Personal information
- Full name: Ramesh Premji Mepani
- Born: 26 September 1975 (age 50) Bhuj, Gujarat, India
- Batting: Right-handed
- Bowling: Right-arm medium

Career statistics
| Competition | FC | LA | T20 |
| Matches | 1 | 2 | 5 |
| Runs scored | 45 | 28 | 31 |
| Batting average | 22.50 | 14.00 | 7.75 |
| 100s/50s | –/– | –/– | –/– |
| Top score | 37 | 22 | 12 |
| Balls bowled | 24 | 48 | 0 |
| Wickets | 0 | 0 | – |
| Bowling average | – | – | – |
| 5 wickets in innings | – | – | – |
| 10 wickets in match | – | – | – |
| Best bowling | – | – | – |
| Catches/stumpings | 2/– | 2/– | 4/– |
- Source: Cricinfo, 21 September 2021

= Ramesh Mepani =

Kenyan cricketer

Ramesh Premji Mepani (born 26 December 1975) is an Indian-born Kenyan former cricketer.

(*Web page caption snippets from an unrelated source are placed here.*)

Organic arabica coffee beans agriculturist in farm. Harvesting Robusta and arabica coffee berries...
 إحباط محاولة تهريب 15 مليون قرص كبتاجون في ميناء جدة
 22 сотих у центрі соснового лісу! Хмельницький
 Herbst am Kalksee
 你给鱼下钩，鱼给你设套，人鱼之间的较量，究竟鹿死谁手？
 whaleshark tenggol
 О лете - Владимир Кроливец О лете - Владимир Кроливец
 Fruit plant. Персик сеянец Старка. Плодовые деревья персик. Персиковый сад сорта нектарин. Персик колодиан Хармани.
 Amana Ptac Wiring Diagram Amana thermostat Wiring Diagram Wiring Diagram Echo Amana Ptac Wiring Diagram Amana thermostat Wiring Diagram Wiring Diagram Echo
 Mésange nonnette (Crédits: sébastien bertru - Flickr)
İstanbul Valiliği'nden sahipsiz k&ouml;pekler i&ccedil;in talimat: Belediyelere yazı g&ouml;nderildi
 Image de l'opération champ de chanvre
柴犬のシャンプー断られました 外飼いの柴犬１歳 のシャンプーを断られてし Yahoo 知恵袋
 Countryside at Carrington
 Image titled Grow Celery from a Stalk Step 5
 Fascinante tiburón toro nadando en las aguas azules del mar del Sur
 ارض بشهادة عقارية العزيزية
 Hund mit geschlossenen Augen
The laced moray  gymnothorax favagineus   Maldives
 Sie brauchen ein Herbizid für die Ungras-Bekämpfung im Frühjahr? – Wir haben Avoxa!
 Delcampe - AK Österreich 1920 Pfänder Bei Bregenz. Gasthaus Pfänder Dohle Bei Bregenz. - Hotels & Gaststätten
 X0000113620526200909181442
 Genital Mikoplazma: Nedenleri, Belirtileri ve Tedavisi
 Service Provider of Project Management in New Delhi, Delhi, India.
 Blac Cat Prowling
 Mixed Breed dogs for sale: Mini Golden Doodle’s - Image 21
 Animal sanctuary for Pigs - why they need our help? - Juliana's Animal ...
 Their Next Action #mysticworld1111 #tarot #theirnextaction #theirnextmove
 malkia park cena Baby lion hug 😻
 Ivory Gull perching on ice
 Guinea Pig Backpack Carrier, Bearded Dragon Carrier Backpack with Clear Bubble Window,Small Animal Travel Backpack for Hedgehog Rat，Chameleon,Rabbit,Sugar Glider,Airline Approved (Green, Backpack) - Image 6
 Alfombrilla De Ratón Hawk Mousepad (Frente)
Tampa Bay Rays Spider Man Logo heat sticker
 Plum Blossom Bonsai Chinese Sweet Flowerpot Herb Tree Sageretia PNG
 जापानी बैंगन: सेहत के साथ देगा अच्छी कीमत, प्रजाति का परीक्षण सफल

Mepani was born at Bhuj in the Indian state of Gujarat in June 1975. He emigrated to Kenya and later made a single appearance in first-class cricket for Kenya against the United Arab Emirates in the 2011–2013 ICC Intercontinental Cup at Nairobi in July 2011. Batting twice in the match, he was dismissed for 8 runs in the Kenyan first innings by Amjad Javed, while in their second innings he was run out by Saqib Ali. Prior to this match, he made what two appearances in List A cricket against the same opposition, scoring 28 runs with a highest score of 22. In November 2011, he toured Namibia and played in five Twenty20 matches against the Namibia national cricket team at Windhoek, scoring 31 runs with a highest score of 12.